Amazon.com Widgets

As featured on p. 218 of "Bloggers on the Bus," under the name "a MyDD blogger."

Tuesday, January 24, 2006

Hijacking the Internet

This is potentially an important issue that merits a few minutes of your time. Apparently telecommunications companies are considering ending their practice of "network neutrality." In plain English, that means that individual telecom and cable companies would charge Internet companies a premium fee to have their content delivered quickly to users. If Google doesn't pay AT&T, suddenly it would take a half-hour to do a Google search on one of AT&T's high-speed lines.

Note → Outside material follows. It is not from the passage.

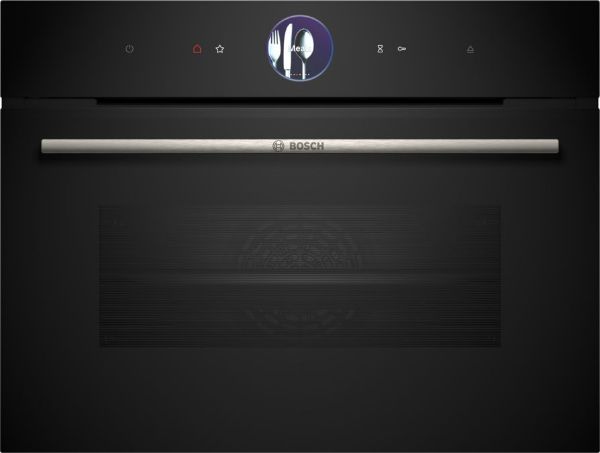 Picture of Bosch CSG7361B1 Series 8 Built in Compact Oven with Steam Function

This is hijacking, pure and simple. The telecom companies have seen tech companies get rich and are now whining that they want a piece of the action. They already own the telephone lines (which they monopolized for decades) and the high-speed fat pipe, but they want more. Their deciding what websites will be delivered quickly and what won't will crush innovation and small-scale sites and turn the Internet into a pay-for-play operation not unlike Congress has done with Washington lobbyists.

It's actually pretty amazing that the Internet became the way it is: decentralized, unencumbered, where everybody with some html code gets a fair shake to put their product on the Web and see if everybody likes it. Now that it has evolved to this state, the telecom companies want to put the genie back in the bottle. That's absurd, and overwhelming majorities of the public will not want that to happen.

There are a bunch of action items at this Free Press site. Let's save the Internet, and give it an opportunity to reinvent itself over and over without interference.

P.S. I would be remiss if I didn't say that this is a free speech issue, where major corporate conglomerates want to expand their profit margins by charging for speech. That's not how it's supposed to be done in this country.